Task directions
Reproduce word for word, from the entries below, the line with "1216 - Page", the line with "Đi đến slide 5", and every line between them, and nothing more.

(Collected data entries)
====
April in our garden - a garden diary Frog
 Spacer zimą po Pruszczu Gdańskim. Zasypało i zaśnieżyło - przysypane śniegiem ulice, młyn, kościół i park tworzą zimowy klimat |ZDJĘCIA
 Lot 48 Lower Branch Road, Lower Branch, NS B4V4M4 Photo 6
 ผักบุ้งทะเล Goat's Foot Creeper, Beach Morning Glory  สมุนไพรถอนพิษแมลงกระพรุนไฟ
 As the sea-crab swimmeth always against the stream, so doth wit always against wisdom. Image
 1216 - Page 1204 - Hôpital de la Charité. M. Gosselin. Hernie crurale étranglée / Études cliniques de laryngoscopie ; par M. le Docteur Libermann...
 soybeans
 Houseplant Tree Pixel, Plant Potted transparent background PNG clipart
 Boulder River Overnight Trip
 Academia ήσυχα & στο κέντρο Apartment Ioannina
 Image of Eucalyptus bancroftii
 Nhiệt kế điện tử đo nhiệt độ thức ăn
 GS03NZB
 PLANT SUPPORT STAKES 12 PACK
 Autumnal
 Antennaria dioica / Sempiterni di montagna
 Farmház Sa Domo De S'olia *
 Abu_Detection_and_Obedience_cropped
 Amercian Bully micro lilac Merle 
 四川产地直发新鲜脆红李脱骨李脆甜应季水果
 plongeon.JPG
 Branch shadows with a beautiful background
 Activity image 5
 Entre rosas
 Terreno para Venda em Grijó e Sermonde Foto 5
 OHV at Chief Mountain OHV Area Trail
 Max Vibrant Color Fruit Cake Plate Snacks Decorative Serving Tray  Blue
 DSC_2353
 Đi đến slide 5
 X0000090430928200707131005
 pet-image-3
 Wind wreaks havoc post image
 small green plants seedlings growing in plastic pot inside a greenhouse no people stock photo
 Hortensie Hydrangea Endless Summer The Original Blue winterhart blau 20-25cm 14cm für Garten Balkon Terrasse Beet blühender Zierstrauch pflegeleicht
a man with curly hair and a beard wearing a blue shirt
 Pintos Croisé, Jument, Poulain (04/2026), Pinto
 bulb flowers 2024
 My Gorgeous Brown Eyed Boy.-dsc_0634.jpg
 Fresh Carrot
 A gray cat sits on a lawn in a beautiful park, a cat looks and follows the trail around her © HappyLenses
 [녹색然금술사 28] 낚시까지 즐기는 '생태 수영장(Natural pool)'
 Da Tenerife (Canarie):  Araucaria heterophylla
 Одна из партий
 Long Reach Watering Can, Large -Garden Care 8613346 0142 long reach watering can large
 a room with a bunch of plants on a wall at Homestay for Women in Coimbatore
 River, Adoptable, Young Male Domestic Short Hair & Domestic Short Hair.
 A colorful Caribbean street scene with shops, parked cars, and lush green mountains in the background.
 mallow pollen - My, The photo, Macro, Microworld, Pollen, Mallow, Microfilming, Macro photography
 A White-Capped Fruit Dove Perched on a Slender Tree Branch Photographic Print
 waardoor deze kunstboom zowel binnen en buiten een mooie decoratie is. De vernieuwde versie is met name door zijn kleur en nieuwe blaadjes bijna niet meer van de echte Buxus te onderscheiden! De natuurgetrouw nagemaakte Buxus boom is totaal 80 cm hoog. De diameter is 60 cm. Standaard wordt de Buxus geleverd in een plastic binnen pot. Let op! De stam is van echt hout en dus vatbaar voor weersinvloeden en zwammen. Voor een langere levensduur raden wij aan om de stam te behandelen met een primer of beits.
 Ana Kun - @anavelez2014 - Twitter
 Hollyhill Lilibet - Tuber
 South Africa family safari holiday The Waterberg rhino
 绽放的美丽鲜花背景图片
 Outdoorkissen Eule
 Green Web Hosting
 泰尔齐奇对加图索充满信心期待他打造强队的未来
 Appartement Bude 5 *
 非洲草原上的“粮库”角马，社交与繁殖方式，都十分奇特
====
Task output
 1216 - Page 1204 - Hôpital de la Charité. M. Gosselin. Hernie crurale étranglée / Études cliniques de laryngoscopie ; par M. le Docteur Libermann...
 soybeans
 Houseplant Tree Pixel, Plant Potted transparent background PNG clipart
 Boulder River Overnight Trip
 Academia ήσυχα & στο κέντρο Apartment Ioannina
 Image of Eucalyptus bancroftii
 Nhiệt kế điện tử đo nhiệt độ thức ăn
 GS03NZB
 PLANT SUPPORT STAKES 12 PACK
 Autumnal
 Antennaria dioica / Sempiterni di montagna
 Farmház Sa Domo De S'olia *
 Abu_Detection_and_Obedience_cropped
 Amercian Bully micro lilac Merle 
 四川产地直发新鲜脆红李脱骨李脆甜应季水果
 plongeon.JPG
 Branch shadows with a beautiful background
 Activity image 5
 Entre rosas
 Terreno para Venda em Grijó e Sermonde Foto 5
 OHV at Chief Mountain OHV Area Trail
 Max Vibrant Color Fruit Cake Plate Snacks Decorative Serving Tray  Blue
 DSC_2353
 Đi đến slide 5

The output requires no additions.